E tante esperienze, ho pensato davvero in alcuni momenti, me le sarei risparmiate. Completamente. Proprio a tornare indietro e rifare tutta la giornata da capo: “Rifacciamo sorgere il sole, rimettiamo tutto in ordine com’era fino a ieri. Dammi un altro ciak che ora son pronta per davvero, stavolta la faccio giusta”.
O ancora meglio: “Dì al regista che questa la tagliamo proprio!”.
E poi, puff, sbatto le ciglia, poco prima che il 28 giugno 2013 entri dalla porta della camera da letto e penso che tutto quello che non mi sono risparmiata mi ha portato qui nel modo in cui ci sto oggi, che solo qualche anno fa non avrei capito nulla del senso di questa felicità, non avrei mai potuto essere chi sono ora, nel modo in cui lo sono. Ora. Non avrei visto nulla della ricchezza per cui oggi mi sento fortunata. O quasi nulla.

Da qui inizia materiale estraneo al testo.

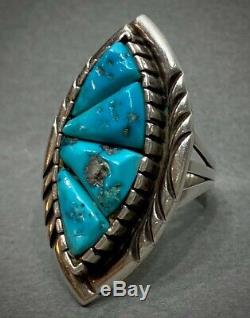 LARGE Vintage Navajo Native American Sterling Silver Cobblestone Turquoise Ring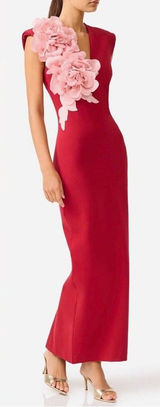 NEW Elliatt Zahara Floral Appliqué Sleeveless Red Midi Gown sz M Photo 0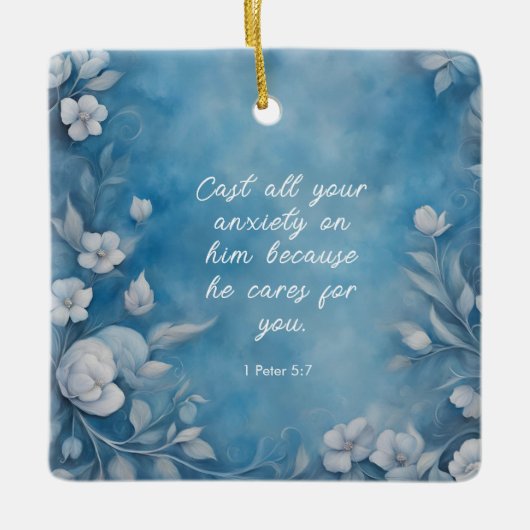 1 Peter 5:7 “Cast All Your Anxiety” Blue Floral セラミックオーナメント (正面)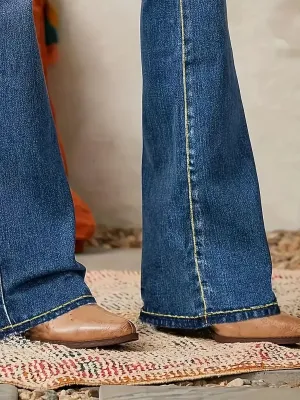Women's Washed Stretch Denim Bootcut Jeans — view 5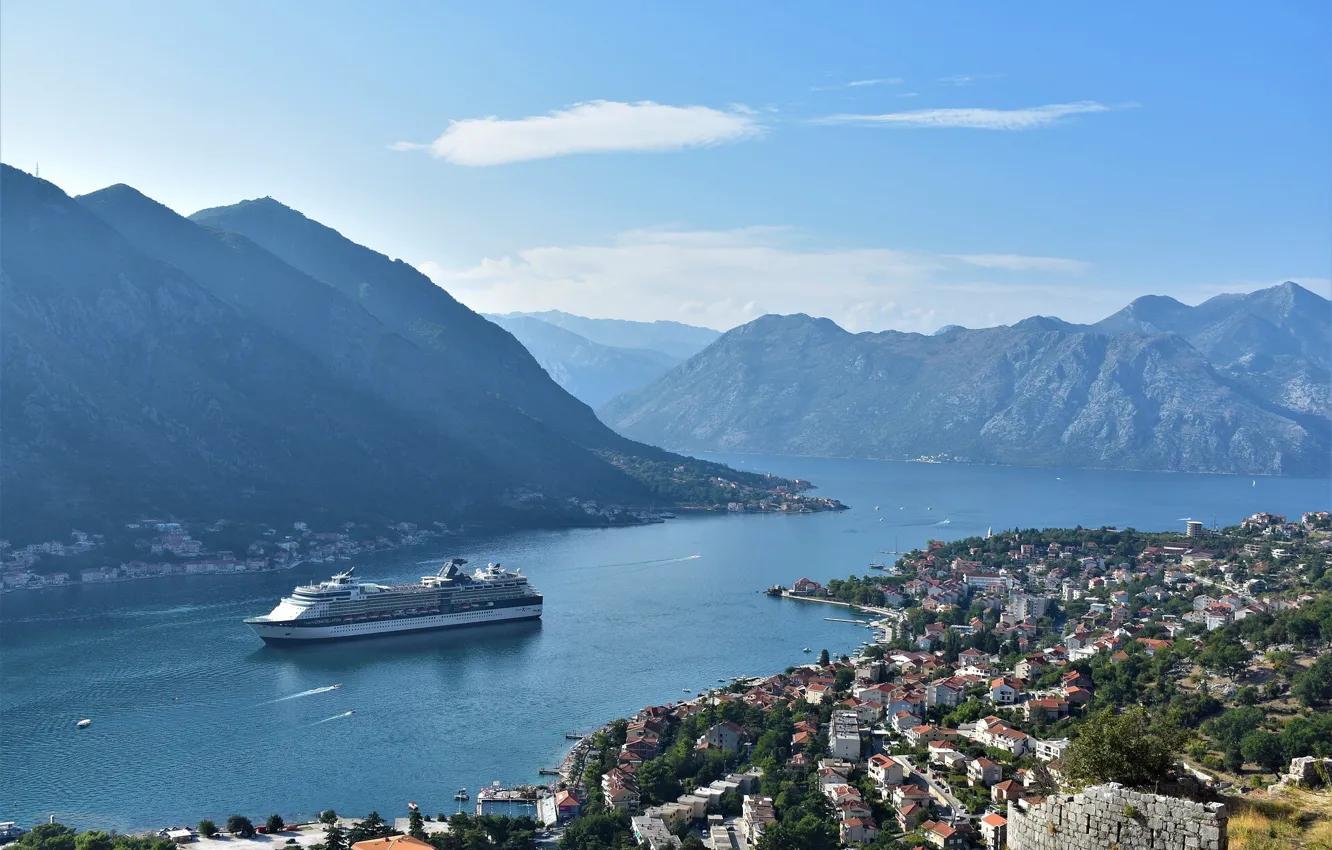 Photo wallpaper sea, mountains, liner, Montenegro, To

Come se tutto quello che avrei potuto risparmiare alla mia vita finora, stesse in realtà ritoccando il modello perché, seppure non ultimato, fosse adattato a ciò che era già in arrivo.
Forse, mi stava solo portando a quel soffitto.
* lo so che l’immagine non è particolarmente romantica, ma funziona tendenzialmente come per i “pappici” di polvere. Non vedi i granelli accumularsi, poi all’improvviso ne hai un bel cumulo e puoi raccoglierlo.